Once a prominent landmark along Grand Parade, Tynemouth, Northumberland
A potted history
Beaconsfield house was Built around 1882 for John Henry Burn Esq; a wealthy coal-owner and philanthropist, he named the house after British Prime Minister Benjamin Disraeli, 1st Earl of Beaconsfield. John inherited wealth from his father David, who had made his fortune as an iron founder in the City of Newcastle upon Tyne. The 1881 census shows John staying at a London hotel, he is 53 years old, also born in Newcastle and describes himself as a Magistrate and Land owner. Mr Burn died in 1898 but his widow, Annie Catherine, continued to live there until 1922.
In Netherwitton church there are two stained glass windows commissioned by the family.

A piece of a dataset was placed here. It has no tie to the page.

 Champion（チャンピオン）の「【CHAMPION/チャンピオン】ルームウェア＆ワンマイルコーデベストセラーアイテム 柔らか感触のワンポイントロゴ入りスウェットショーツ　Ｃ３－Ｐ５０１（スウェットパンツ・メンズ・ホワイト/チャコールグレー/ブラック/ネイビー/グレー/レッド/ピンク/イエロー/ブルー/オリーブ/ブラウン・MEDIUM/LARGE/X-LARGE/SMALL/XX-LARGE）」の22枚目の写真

The first is in memory of Barbara Burn who died 1842 ...'erected by her affectionate son John Henry Burn of Beaconsfield, Cullercoats'. The second is in memory of John himself, by his wife Catharine.
The property comprised of a Boot room or Pantry found in the basement, on the ground floor there were a Drawing Room, Dinning Room a Library, Billiard Room, in the hall at ground level a feature staircase which took you to the first floor; eight bedrooms, two indoor W.C.s two Bathrooms and then in the Attic a further three rooms for the servants.
Between 1922 and 1939 Beaconsfield was owned by my great great grandfather Robert Thornton Bolt Esq. a Provisions Importer.
In January, 1938, Tynemouth Council approved plans for a new hotel on the Grand Parade (The Park Hotel) which was advertised to open on July 1 1939.
It was intended to be the most modern of hotels, with a continental appearance. Bowling greens and a garage block were promised in the future. Not long after opening, two bombs went off at Tynemouth Park in October, 1940. A bomb landed on the railway behind the hotel in April, 1941, but failed to explode, as did another in August 1942. During the second world war Beaconsfield house was used as a anti-aircraft AFS station.
In January 1946 the local council gave Barnardo's just 24 hours notice to occupy the house or lose it was just the type of Barnardo's had been looking for to replace two of their homes that had been destroyed by bombing raids.. The house and grounds covered an area of 1 acre 3 roods and could accommodate up to 40 boys. The home closed on 1 September 1953 after Tynemouth Council bought the house under a compulsory purchase order In 1953 for use as a convalescent home..
In 1956 the council took the decision to demolish the house and work was completed early in 1957. Plans to develop the site never went ahead.